Viv Albertine, who played guitar in the influential, all-female, feminist UK punk band The Slits, has her say in Clothes Clothes Clothes Music Music Music Boys Boys Boys (Thomas Dunne/St. Martin's), in which she details her personal adventures involving Sid Vicious (and Nancy Spungen!), Johnny Thunders (of the New York Dolls), The Clash (specifically Mick Jones) and other musicians, as well as the birth of punk, the men (and women) in her life, and the role of fashion.

Sophie Tucker was a real person, but in I Am Sophie Tucker (Prospecta Press) by Susan & Lloyd Ecker (producers of the doc The Outrageous Sophie Tucker ), the authors have come up with the first in a three-part series of fictional memoirs about Tucker, also known as the "Last of the Red Hot Mamas."

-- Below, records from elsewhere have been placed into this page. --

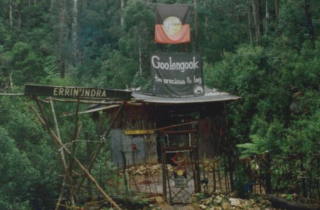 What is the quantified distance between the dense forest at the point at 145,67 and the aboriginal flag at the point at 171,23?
478 centimetres

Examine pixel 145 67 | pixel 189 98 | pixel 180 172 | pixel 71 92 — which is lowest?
pixel 180 172

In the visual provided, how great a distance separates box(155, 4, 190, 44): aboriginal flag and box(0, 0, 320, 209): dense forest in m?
4.78

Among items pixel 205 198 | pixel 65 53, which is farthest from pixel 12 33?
pixel 205 198

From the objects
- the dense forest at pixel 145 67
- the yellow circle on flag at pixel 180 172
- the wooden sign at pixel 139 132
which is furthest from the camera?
the wooden sign at pixel 139 132

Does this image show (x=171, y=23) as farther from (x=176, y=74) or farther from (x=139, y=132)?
(x=139, y=132)

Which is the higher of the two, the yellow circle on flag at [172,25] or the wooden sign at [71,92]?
the yellow circle on flag at [172,25]

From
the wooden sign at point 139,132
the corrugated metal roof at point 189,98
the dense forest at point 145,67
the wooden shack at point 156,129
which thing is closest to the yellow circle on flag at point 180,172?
the dense forest at point 145,67

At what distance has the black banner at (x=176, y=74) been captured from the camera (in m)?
17.8

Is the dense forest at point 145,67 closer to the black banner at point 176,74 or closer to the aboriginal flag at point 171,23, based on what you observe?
the black banner at point 176,74

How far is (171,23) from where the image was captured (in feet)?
60.5

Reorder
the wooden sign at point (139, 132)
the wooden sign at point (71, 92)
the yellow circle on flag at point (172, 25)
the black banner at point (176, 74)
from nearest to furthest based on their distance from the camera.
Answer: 1. the wooden sign at point (71, 92)
2. the black banner at point (176, 74)
3. the yellow circle on flag at point (172, 25)
4. the wooden sign at point (139, 132)

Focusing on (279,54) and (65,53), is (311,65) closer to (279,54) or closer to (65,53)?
(279,54)

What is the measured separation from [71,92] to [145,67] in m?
28.8

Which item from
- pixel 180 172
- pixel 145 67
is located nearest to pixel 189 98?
pixel 180 172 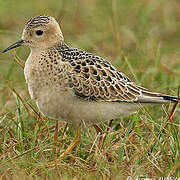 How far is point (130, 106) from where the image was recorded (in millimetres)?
5387

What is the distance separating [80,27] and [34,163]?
573cm

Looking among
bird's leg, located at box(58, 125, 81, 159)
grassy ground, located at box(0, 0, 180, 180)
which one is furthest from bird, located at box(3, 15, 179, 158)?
grassy ground, located at box(0, 0, 180, 180)

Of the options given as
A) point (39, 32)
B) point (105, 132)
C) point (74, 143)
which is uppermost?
point (39, 32)

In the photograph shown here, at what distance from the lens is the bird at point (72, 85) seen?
5.00 metres

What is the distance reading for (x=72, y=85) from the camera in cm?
502

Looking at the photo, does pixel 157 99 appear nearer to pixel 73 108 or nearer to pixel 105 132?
pixel 105 132

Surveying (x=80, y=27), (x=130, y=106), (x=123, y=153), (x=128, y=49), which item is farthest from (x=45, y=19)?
(x=80, y=27)

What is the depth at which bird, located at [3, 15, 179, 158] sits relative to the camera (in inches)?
197

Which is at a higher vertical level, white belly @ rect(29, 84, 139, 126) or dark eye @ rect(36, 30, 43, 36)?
dark eye @ rect(36, 30, 43, 36)

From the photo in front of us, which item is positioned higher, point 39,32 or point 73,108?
point 39,32

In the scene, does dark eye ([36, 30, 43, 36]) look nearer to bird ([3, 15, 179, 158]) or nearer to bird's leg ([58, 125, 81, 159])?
bird ([3, 15, 179, 158])

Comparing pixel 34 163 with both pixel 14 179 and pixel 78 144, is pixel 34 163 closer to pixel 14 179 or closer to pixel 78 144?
pixel 14 179

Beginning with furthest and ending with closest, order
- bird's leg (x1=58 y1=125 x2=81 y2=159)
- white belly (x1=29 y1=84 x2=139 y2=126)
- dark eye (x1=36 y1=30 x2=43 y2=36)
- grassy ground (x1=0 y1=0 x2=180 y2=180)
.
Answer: dark eye (x1=36 y1=30 x2=43 y2=36) → bird's leg (x1=58 y1=125 x2=81 y2=159) → white belly (x1=29 y1=84 x2=139 y2=126) → grassy ground (x1=0 y1=0 x2=180 y2=180)

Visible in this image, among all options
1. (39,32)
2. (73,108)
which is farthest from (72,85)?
(39,32) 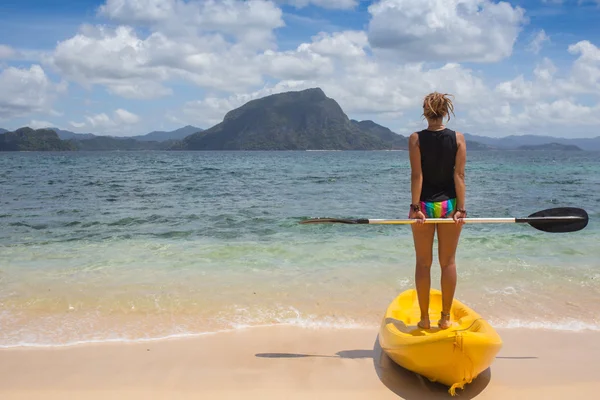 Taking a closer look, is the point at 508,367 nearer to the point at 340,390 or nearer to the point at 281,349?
the point at 340,390

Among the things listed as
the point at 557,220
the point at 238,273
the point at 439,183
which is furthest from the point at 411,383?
the point at 238,273

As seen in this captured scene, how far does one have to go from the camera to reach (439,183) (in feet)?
15.1

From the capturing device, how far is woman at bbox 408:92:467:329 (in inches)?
177

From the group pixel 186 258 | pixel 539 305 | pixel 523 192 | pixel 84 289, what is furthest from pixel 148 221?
pixel 523 192

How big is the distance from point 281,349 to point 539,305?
12.8ft

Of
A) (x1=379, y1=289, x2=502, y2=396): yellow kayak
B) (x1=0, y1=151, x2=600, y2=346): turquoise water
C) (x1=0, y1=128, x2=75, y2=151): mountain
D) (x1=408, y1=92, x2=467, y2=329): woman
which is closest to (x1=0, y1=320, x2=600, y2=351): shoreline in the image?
(x1=0, y1=151, x2=600, y2=346): turquoise water

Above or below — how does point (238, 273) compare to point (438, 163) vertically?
below

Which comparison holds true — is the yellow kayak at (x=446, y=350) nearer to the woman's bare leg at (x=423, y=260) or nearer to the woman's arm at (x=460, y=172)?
the woman's bare leg at (x=423, y=260)

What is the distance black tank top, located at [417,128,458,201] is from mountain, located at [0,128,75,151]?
7640 inches

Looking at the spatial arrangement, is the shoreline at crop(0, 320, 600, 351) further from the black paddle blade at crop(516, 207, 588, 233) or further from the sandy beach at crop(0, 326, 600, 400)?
the black paddle blade at crop(516, 207, 588, 233)

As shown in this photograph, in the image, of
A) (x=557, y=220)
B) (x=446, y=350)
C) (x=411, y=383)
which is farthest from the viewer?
(x=557, y=220)

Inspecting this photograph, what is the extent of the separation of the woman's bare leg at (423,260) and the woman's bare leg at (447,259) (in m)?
0.10

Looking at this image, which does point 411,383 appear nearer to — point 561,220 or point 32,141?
point 561,220

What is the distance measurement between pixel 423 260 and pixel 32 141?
654 feet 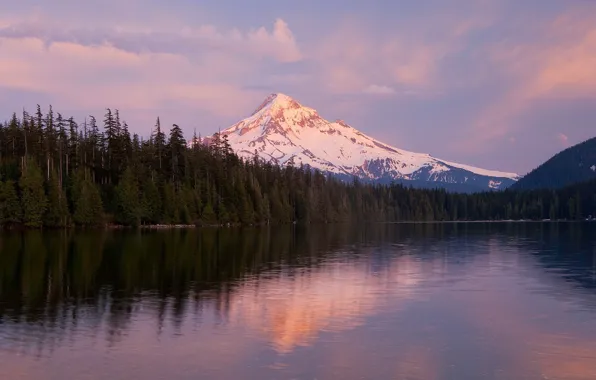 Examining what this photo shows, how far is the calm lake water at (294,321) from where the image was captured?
2147 centimetres

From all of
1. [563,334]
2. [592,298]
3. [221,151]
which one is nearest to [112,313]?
[563,334]

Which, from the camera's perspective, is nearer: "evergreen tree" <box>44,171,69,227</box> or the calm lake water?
the calm lake water

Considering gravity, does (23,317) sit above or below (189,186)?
below

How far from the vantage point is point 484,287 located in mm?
42500

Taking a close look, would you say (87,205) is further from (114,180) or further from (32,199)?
(114,180)

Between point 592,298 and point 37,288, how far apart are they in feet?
109

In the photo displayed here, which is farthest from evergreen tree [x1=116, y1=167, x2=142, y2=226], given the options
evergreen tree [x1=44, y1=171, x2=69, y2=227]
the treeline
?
evergreen tree [x1=44, y1=171, x2=69, y2=227]

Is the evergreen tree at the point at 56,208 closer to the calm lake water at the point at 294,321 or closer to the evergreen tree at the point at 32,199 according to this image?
the evergreen tree at the point at 32,199

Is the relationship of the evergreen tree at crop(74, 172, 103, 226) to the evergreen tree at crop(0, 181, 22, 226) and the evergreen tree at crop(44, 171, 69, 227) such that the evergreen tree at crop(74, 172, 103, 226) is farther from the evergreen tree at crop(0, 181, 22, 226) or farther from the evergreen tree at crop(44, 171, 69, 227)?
the evergreen tree at crop(0, 181, 22, 226)

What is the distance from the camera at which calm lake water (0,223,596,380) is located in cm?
2147

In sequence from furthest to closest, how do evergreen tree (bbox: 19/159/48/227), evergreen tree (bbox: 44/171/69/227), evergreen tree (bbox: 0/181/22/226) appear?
evergreen tree (bbox: 44/171/69/227) → evergreen tree (bbox: 19/159/48/227) → evergreen tree (bbox: 0/181/22/226)

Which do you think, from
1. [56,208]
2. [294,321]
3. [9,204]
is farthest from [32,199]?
[294,321]

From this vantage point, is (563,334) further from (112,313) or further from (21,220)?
(21,220)

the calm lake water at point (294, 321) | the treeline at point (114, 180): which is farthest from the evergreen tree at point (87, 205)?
the calm lake water at point (294, 321) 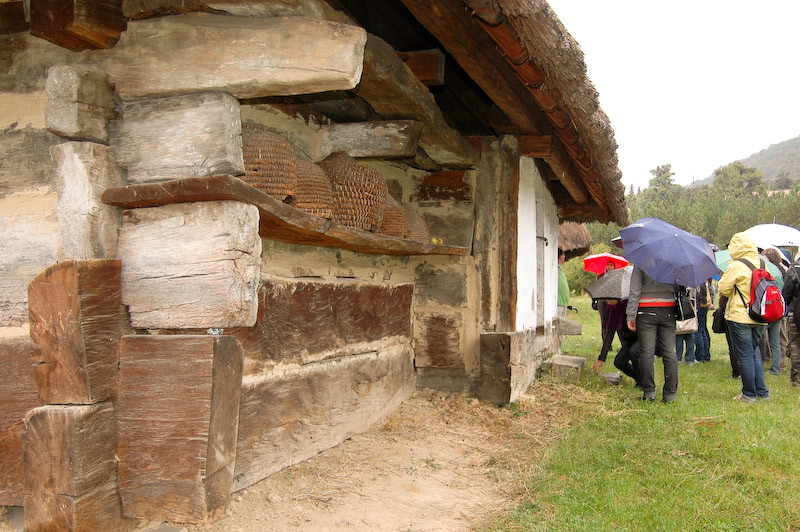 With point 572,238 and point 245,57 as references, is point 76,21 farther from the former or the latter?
point 572,238

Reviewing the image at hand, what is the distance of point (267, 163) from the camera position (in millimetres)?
2471

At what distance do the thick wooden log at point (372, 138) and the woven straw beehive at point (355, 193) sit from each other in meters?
0.30

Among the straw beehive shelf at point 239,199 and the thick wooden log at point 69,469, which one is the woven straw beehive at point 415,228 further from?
the thick wooden log at point 69,469

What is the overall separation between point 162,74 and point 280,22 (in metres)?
0.49

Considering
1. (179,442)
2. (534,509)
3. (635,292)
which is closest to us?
(179,442)

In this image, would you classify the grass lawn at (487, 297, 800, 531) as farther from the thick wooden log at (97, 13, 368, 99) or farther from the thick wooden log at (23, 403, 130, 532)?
the thick wooden log at (97, 13, 368, 99)

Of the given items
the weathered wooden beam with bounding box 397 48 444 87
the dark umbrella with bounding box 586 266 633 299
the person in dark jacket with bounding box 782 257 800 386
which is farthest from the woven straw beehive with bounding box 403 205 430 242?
the person in dark jacket with bounding box 782 257 800 386

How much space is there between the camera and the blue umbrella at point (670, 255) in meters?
4.74

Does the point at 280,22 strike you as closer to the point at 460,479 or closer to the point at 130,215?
the point at 130,215

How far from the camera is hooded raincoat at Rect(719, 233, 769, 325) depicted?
5.39m

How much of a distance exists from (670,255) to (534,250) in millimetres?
1304

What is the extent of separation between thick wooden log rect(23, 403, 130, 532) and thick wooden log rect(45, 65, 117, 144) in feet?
3.27

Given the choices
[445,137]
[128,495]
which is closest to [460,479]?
[128,495]

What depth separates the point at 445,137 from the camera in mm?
4004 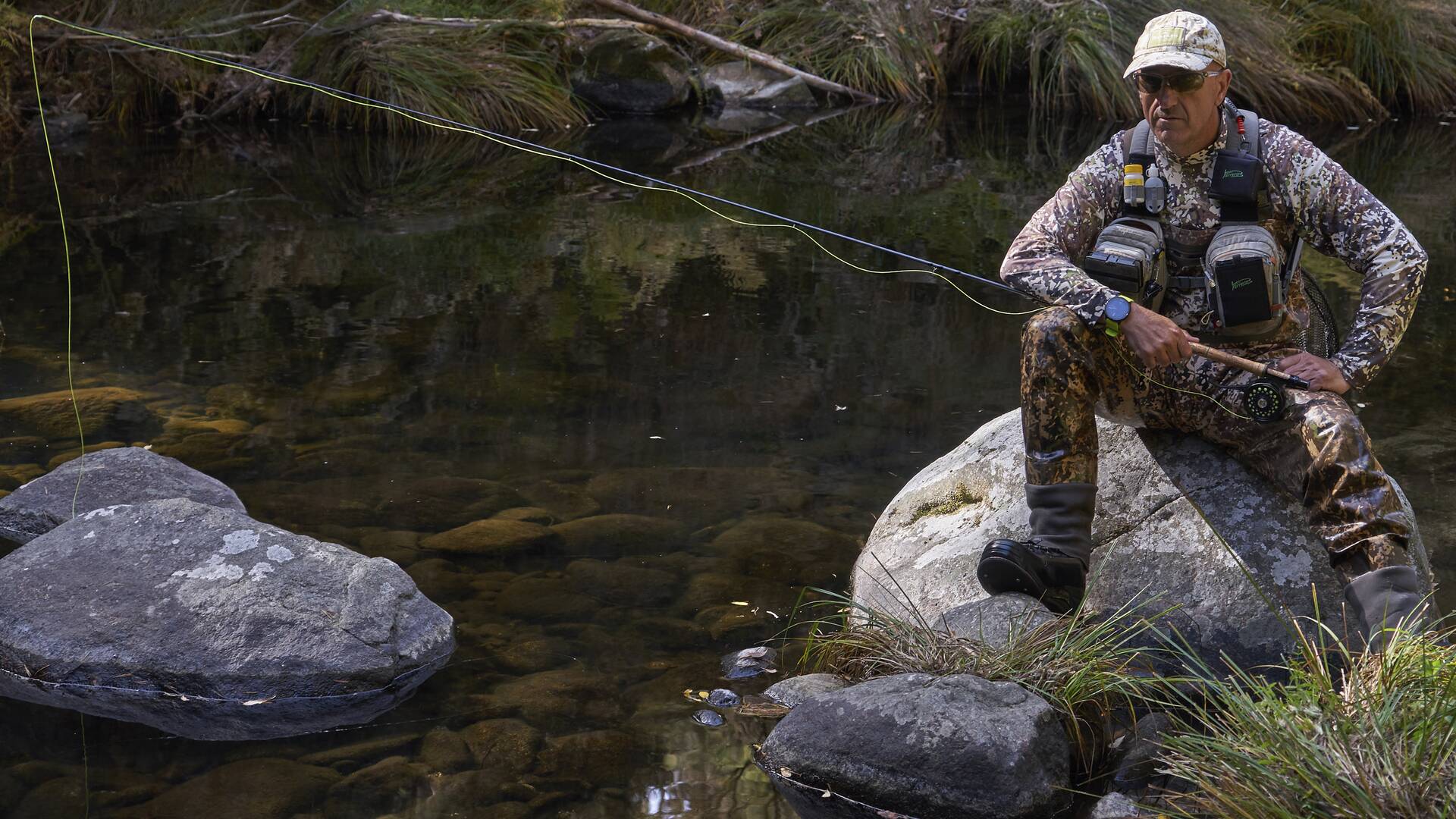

Waiting for a collaboration between acclaimed songwriter Stephin Merritt (the Magnetic Fields, Future Bible Heroes, the Gothic Archies) and The New Yorker cartoonist Roz Chast? The wait is over. Merritt applies his love of word games, specifically Scrabble and Words With Friends, to queer and quippy four-line poems in 101 Two-Letter Words (Norton), each with an accompanying illustration by Chast. This book is an entertaining and educational gift for lovers of language and word play.

The title almost says it all when it comes to Justin Luke Zirilli's The Gay Gospel:  A Survival Guide for Gay 20Somethings in America Today (justinlukenyc.com). With a foreword by Michael Musto and an afterword by Billy Porter, the book is separated into sections addressing "Looking," "Dating," "Loving," "Breaking Up," "Doing It," "Partying" and "Living."

There are readers who also want to be writers. Steven Pinker's The Sense of Style: The Thinking Person's Guide to Writing in the 21st Century (Viking) applies cognitive science and other tools to get to the heart of language and writing, to make us not only better writers, but also better readers.